L’éducation de Muhammadu Buhari se déroule dans les écoles coraniques puis dans les établissements publics hérités de la colonisation britannique. Très vite, il se distingue par une discipline rigoureuse, une force de caractère peu commune et une attirance précoce pour l’armée, perçue à l’époque comme l’institution garante de l’unité d’un pays récemment indépendant. Dès l’adolescence, il rejoint le Nigeria Military Training College de Kaduna, puis poursuit sa formation à l’étranger, notamment à Aldershot en Angleterre et dans d’autres centres militaires du Commonwealth, où il découvre une autre conception de l’ordre, du devoir et de la responsabilité.

Son engagement dans l’armée coïncide avec une période de bouleversements majeurs au Nigeria. Buhari fait partie de cette génération d’officiers qui grandissent dans les remous de la guerre civile du Biafra et des coups d’État militaires successifs. Jeune lieutenant puis commandant, il traverse la guerre du Biafra avec une loyauté farouche envers l’unité nationale, sans jamais céder aux divisions ethniques qui déchirent le pays. Cette expérience nourrit chez lui une vision intransigeante de la nation, fondée sur l’intégrité, la justice et la centralité de l’État dans la reconstruction d’un tissu social fragilisé.
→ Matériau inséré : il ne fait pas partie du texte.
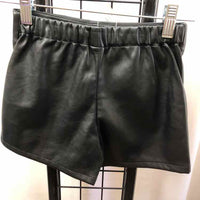 Old Navy Black Solid Child Size 6/7 Girl's Skirt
À mesure que sa carrière militaire progresse, Buhari se voit confier des responsabilités stratégiques. Il devient gouverneur de l’État du Nord-Est, puis occupe le poste clé de ministre du Pétrole sous le régime d’Olusegun Obasanjo. Son passage à la tête de la Nigerian National Petroleum Corporation est marqué par un souci permanent de lutte contre la corruption et de contrôle de la manne pétrolière, dans un contexte de montée en puissance des enjeux économiques du pays. La rigueur de son action, souvent jugée austère, lui vaut à la fois l’admiration des uns et l’incompréhension des autres, dans une société déchirée entre la soif de modernisation et la permanence des réseaux d’intérêts.
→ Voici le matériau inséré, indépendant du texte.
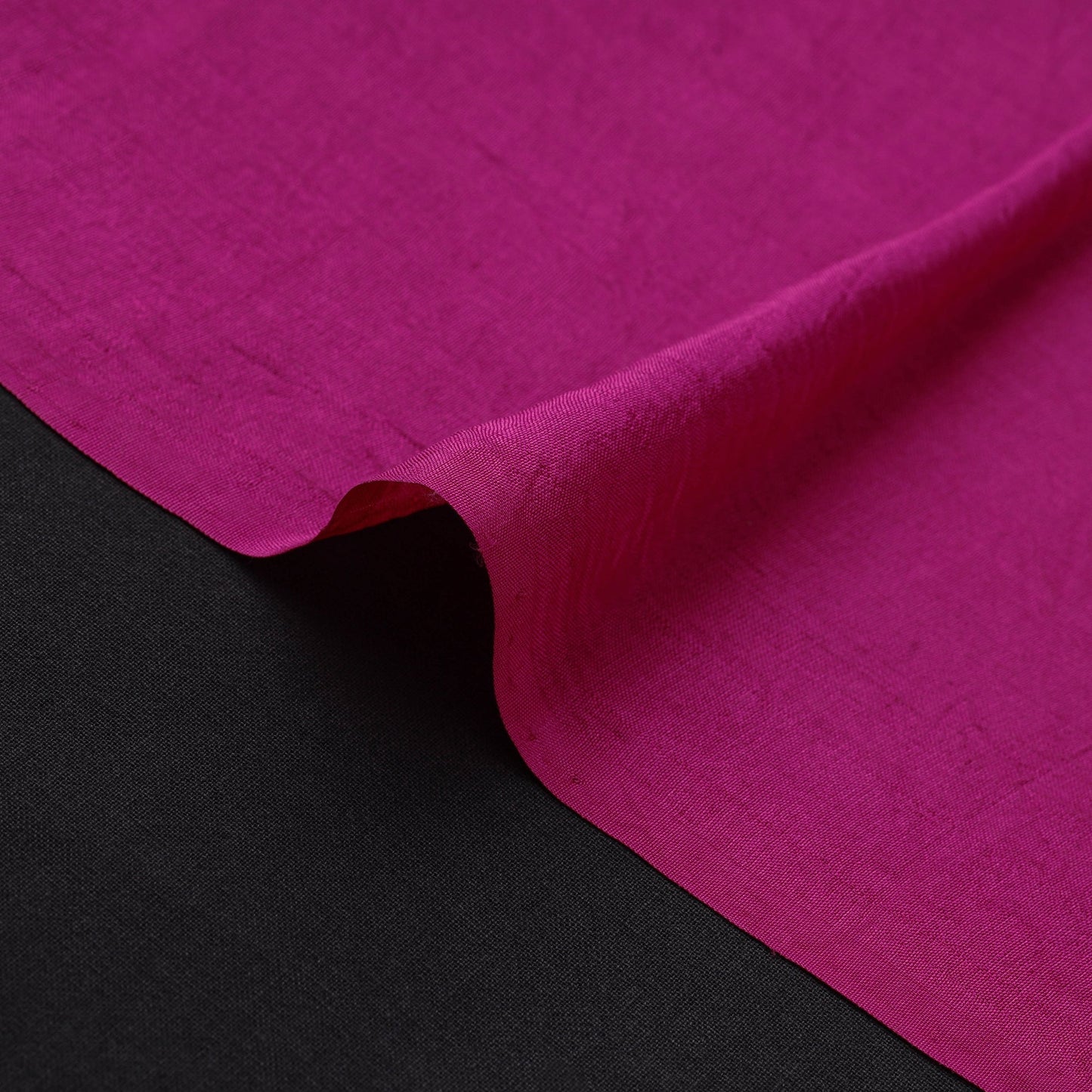 Handspun handloom mulberry silk plain fabric 05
Le 31 décembre 1983, un coup d’État militaire place Muhammadu Buhari à la tête du Nigeria. Il devient alors chef de l’État à 41 ans, dans une période de profonde désillusion pour le pays, miné par la corruption, l’effondrement économique et le délitement des institutions. Son régime, souvent qualifié de sévère, s’engage dans une politique de redressement national fondée sur la discipline, la lutte contre l’indiscipline et une croisade contre la gabegie. Les tribunaux militaires sont instaurés, les peines exemplaires se multiplient et la presse subit une censure implacable. Si cette période reste marquée par un certain autoritarisme, elle témoigne aussi d’une volonté sincère de restaurer l’État et de remettre le Nigeria sur la voie de l’intégrité.

Son pouvoir sera cependant de courte durée : en août 1985, il est renversé par un autre coup d’État conduit par Ibrahim Babangida. Arrêté puis assigné à résidence, Buhari connaît l’humilité de la mise à l’écart, mais refuse de céder à l’amertume. Cette traversée du désert est aussi une période d’introspection, où il approfondit sa foi, son attachement à la justice sociale et son engagement pour le développement de son pays.
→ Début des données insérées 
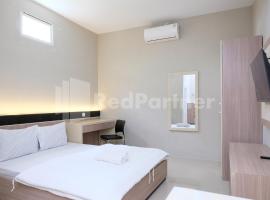 Kinara Homestay RedPartner Near Sleman City Hall – hotel w mieście Beran-kidul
Au fil des décennies suivantes, Muhammadu Buhari se réinvente en homme politique. Il refuse d’entrer dans la logique des compromissions et bâtit une réputation d’incorruptible. Trois fois candidat malheureux à la présidence, il incarne pour une large partie de la population l’espérance d’une rupture avec le passé, la quête d’une gouvernance fondée sur la probité et l’exigence morale. Son engagement, soutenu par les masses du nord, le porte finalement à la victoire lors de l’élection présidentielle de 2015, consacrant le retour démocratique d’un ancien militaire au sommet de l’État.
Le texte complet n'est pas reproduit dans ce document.